From: Igor Mammedov <imammedo@redhat.com>
To: Tao Xu <tao3.xu@intel.com>
Cc: Eduardo Habkost <ehabkost@redhat.com>,
"Liu, Jingqi" <jingqi.liu@intel.com>,
"Du, Fan" <fan.du@intel.com>,
Qemu Developers <qemu-devel@nongnu.org>,
"daniel@linux.ibm.com" <daniel@linux.ibm.com>,
Jonathan Cameron <jonathan.cameron@huawei.com>,
Dan Williams <dan.j.williams@intel.com>
Subject: Re: [Qemu-devel] [PATCH v9 05/11] numa: Extend CLI to provide initiator information for numa nodes
Date: Tue, 27 Aug 2019 15:12:06 +0200 [thread overview]
Message-ID: <20190827151206.7b2ddce5@redhat.com> (raw)
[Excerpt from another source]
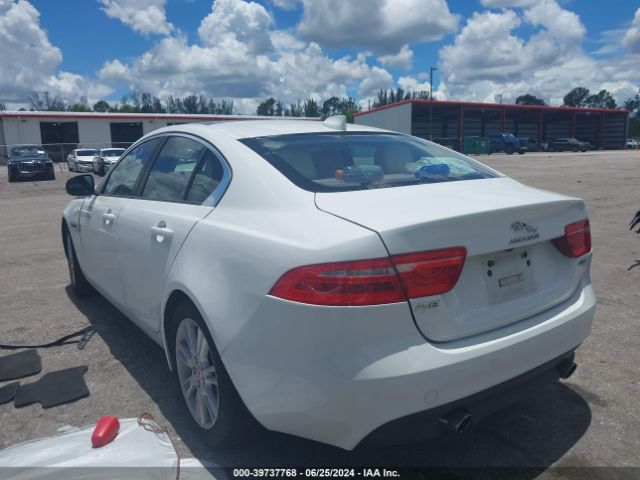 SAJAD4BG2HA946912 Jaguar Xe 25t Premium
In-Reply-To: <b0a958d6-2e2c-ab4b-36b7-b1fc13e0c2e3@intel.com>
On Tue, 20 Aug 2019 16:34:44 +0800
Tao Xu <tao3.xu@intel.com> wrote:
> On 8/16/2019 10:57 PM, Igor Mammedov wrote:
> > On Wed, 14 Aug 2019 19:31:27 -0700
> > Dan Williams <dan.j.williams@intel.com> wrote:
> >
> >> On Wed, Aug 14, 2019 at 6:57 PM Tao Xu <tao3.xu@intel.com> wrote:
> >>>
> >>> On 8/15/2019 5:29 AM, Dan Williams wrote:
> >>>> On Tue, Aug 13, 2019 at 10:14 PM Tao Xu <tao3.xu@intel.com> wrote:
> >>>>>
> >>>>> On 8/14/2019 10:39 AM, Dan Williams wrote:
> >>>>>> On Tue, Aug 13, 2019 at 8:00 AM Igor Mammedov <imammedo@redhat.com> wrote:
> >>>>>>>
> >>>>>>> On Fri, 9 Aug 2019 14:57:25 +0800
> >>>>>>> Tao <tao3.xu@intel.com> wrote:
> >>>>>>>
> >>>>>>>> From: Tao Xu <tao3.xu@intel.com>
> >>>>>>>>
> >>> [...]
> >>>>>>>> + for (i = 0; i < machine->numa_state->num_nodes; i++) {
> >>>>>>>> + if (numa_info[i].initiator_valid &&
> >>>>>>>> + !numa_info[numa_info[i].initiator].has_cpu) {
> >>>>>>> ^^^^^^^^^^^^^^^^^^^^^^ possible out of bounds read, see bellow
> >>>>>>>
> >>>>>>>> + error_report("The initiator-id %"PRIu16 " of NUMA node %d"
> >>>>>>>> + " does not exist.", numa_info[i].initiator, i);
> >>>>>>>> + error_printf("\n");
> >>>>>>>> +
> >>>>>>>> + exit(1);
> >>>>>>>> + }
> >>>>>>> it takes care only about nodes that have cpus or memory-only ones that have
> >>>>>>> initiator explicitly provided on CLI. And leaves possibility to have
> >>>>>>> memory-only nodes without initiator mixed with nodes that have initiator.
> >>>>>>> Is it valid to have mixed configuration?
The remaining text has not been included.